Open Office 1.1
Support
Inside the Application
Features:
Help in Menu Bar
Contents – opens Help Application
Help Agent – pops up “Light bulb Window” - links to info in the Help Application
Tips – toggles on and off tool tips that name the menu items
Extended tips – toggles on and off tool tips that explain the menu functions
Support – opens Help Application with link to Online support
About OO.org – links to Online Application
Help Application
Drop Down menu switches between help for OO.org apps
Table of Contents – navigation tree – easy to use
Index – list all topics alphabetically with Search functions
Find – quickly search through all documents
Bookmarks – save specific help documents
Right Click Navigation – navigate, bookmark, and print documents
Online Support
“Under Construction” - this is a work in progress
Prominent FAQ with General Topics
Mailing lists for developers, issues, announcements, and users
IRC chat open to the public
Issuezilla used for bug tracking
White Papers from Sun plus some guidelines and tutorials
Site mainly covers topics for fair use under OO.org license and information for developers. There is little about the OO.org applications themselves.
Conclusion
OpenOffice.org's website provides little help with the applications. Luckily, the help documentation available from the main menu is simple to navigate, easy to comprehend for general users, and provides detailed enough descriptions to serve as the main help system.
HTML Editor
Features:
Export Word Documents for the web – maintains tables, links, general formating (slips on some spacing issues). Generates the images embedded in the Word document separately for use on a website.

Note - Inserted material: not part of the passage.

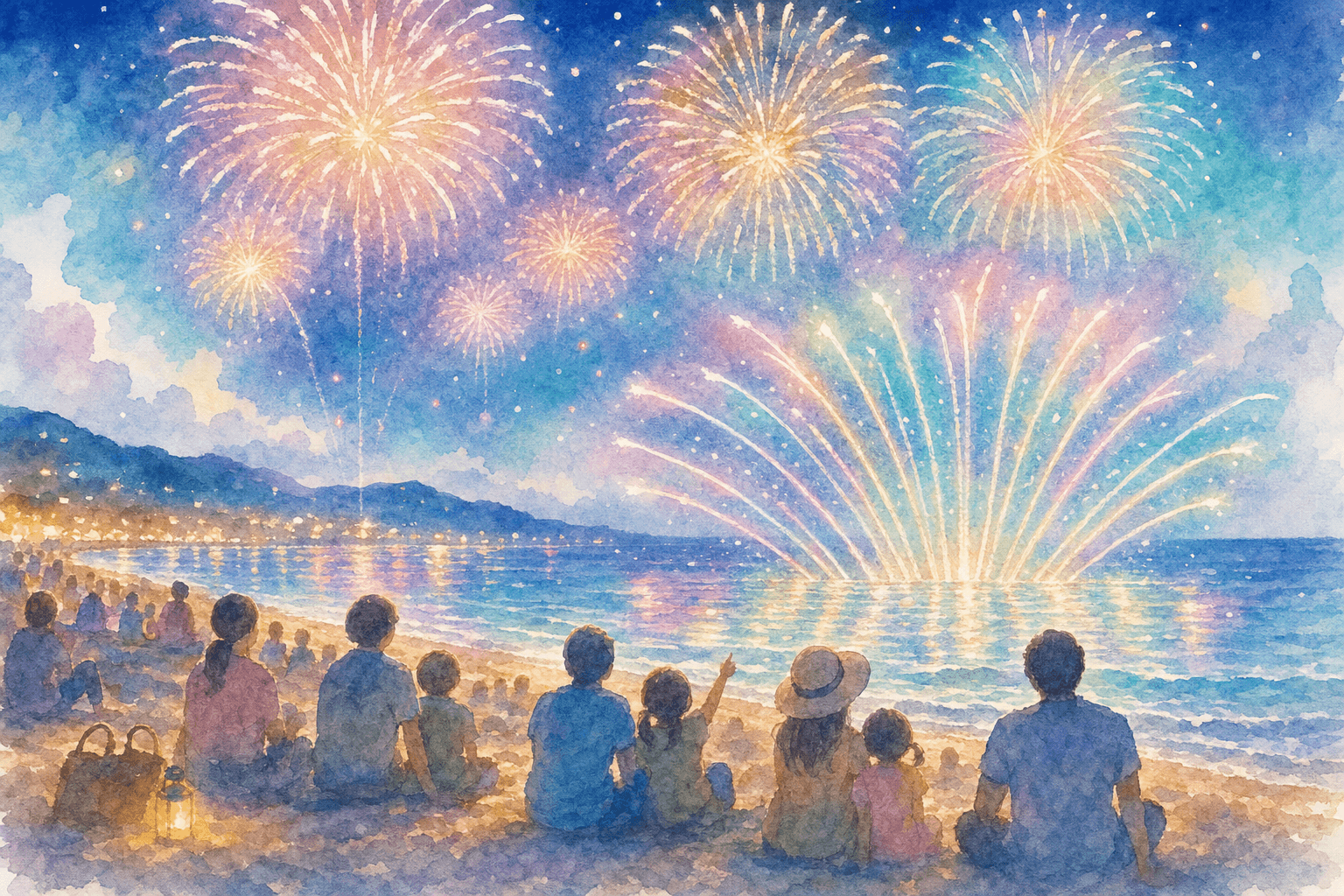 海上花火と水中花火が夜の浜を照らす30分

Easy to edit text, background color, and add images. Simple tables are easy to manage, can be used to display information quickly.
Can embed Flash swf files, mpeg file, quicktime, and generate formulas and charts.
Exports to PDF format.
Downsides:
Opening Word docs from within the HTML editor opens them in the Text Editor. You need to export them as HTML and then reopen the files in the HTML editor in order to make HTML changes.

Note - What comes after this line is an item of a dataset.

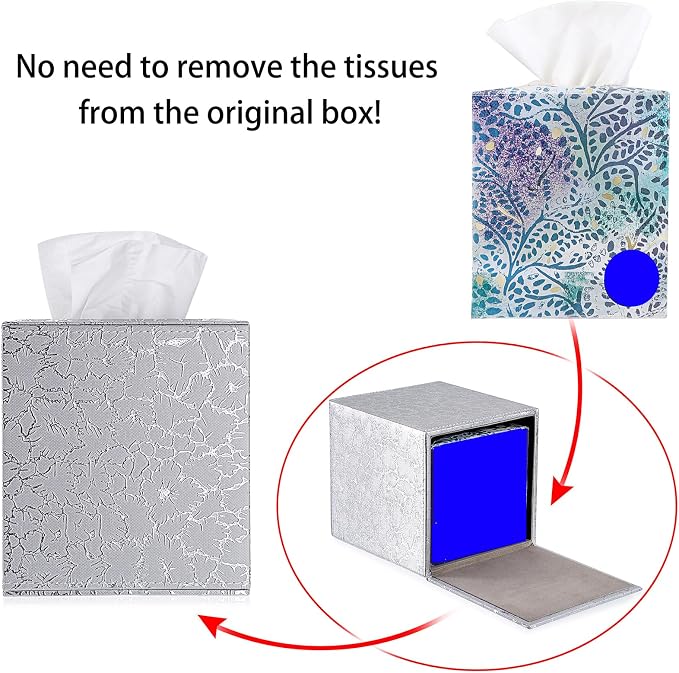 Sumnacon Square Tissue Box Cover with Magnetic Bottom,PU Tissue Box Holder | Stylish Cube Tissue Box Decorative Tissue Covers for Vanity Toilet Tank Dresser Night Stand Table Countertop Office Car - Image 5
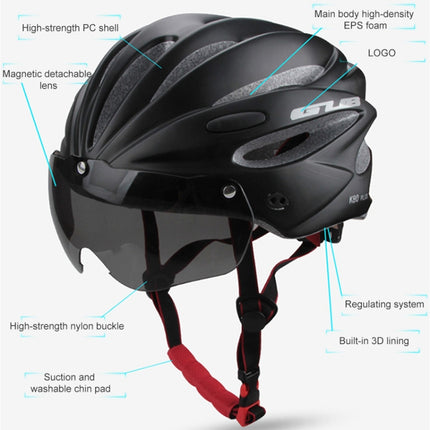 GUB K80 Plus Bike Helmet With Visor And Goggles(Gradient Purple)-garmade.com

Directly editing some specific HTML code in the “Source View” of the HTML editor does not persist when switched back to the Graphical Interface.
Exp: Body tag – cannot force marginwidth, marginheight, topmargin, leftmargin values
Hard to work with complex Tables – adding graphics have problems with scaling and can break the table. Not good for aiding graphical layout, which is what most HTML tables are used for.

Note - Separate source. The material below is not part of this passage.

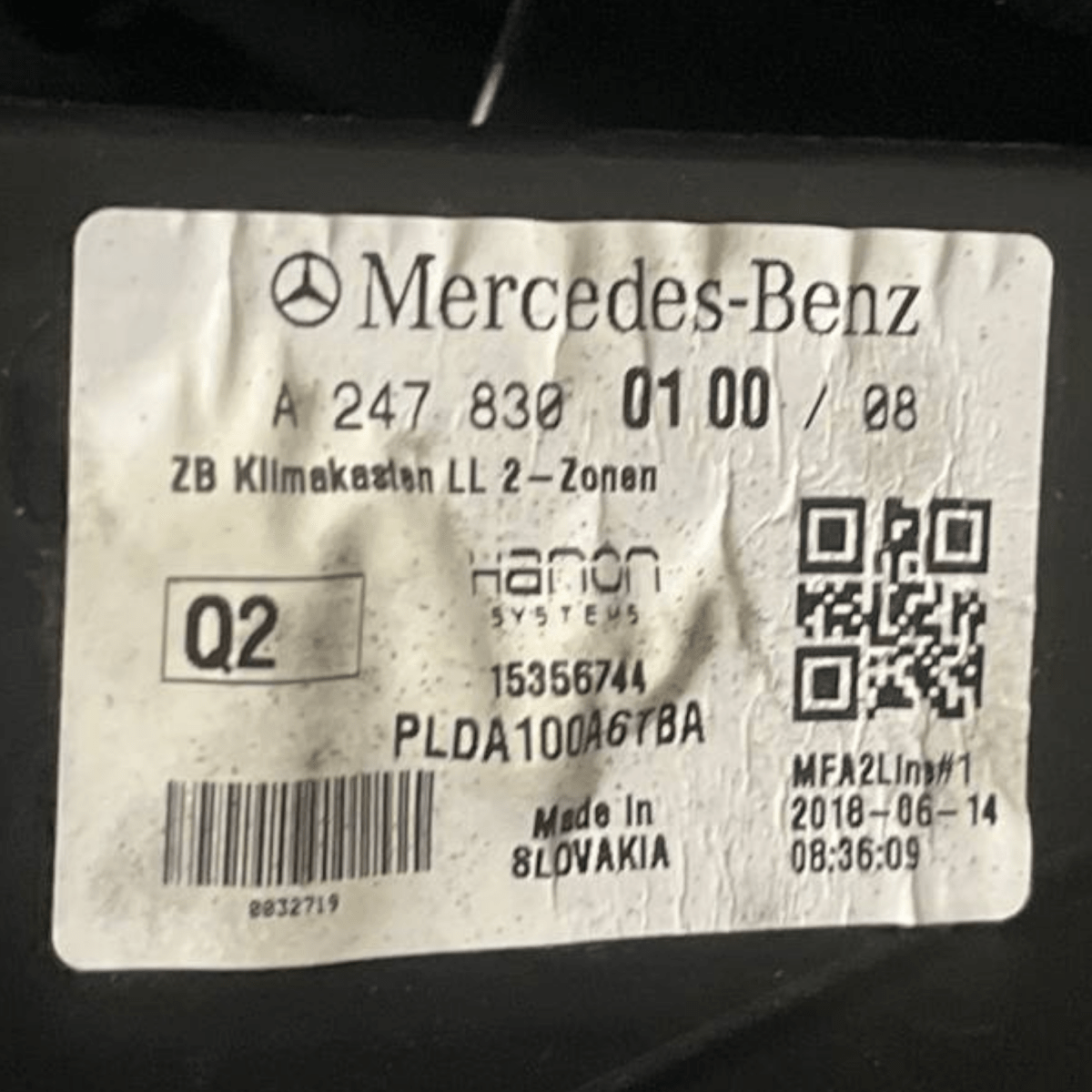 Gruppo Stufa Mercedes - Benz Classe A W177 (2018 -) cod: A2478300100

Exp: I added a logo to a table and it was scaled down by half, and I couldn't get it back to the original proportions.
Cannot add a table within a table, only add columns and rows to a cell in order to create the illusion of “stacking” tables.
Uses inches as the default measurement for the HTML editor. Should be pixels.
Conclusion
The HTML Editor would be good for novice users looking to build basic websites without advanced formating like tables or DHTML. The program also makes quick work of transferring Word documents into HTML pages that won't break in the browser.
Potential Uses
Quickly building websites with basic formating and low amount of graphics.
Exporting Word documents to PDF and HTML for web, printing, and emailing.
As a content manager – use Open Office to quickly edit HTML text documents that are included into web graphical templates Online through PHP or ASP.
For teaching basic web design – application resembles familiar Word interface.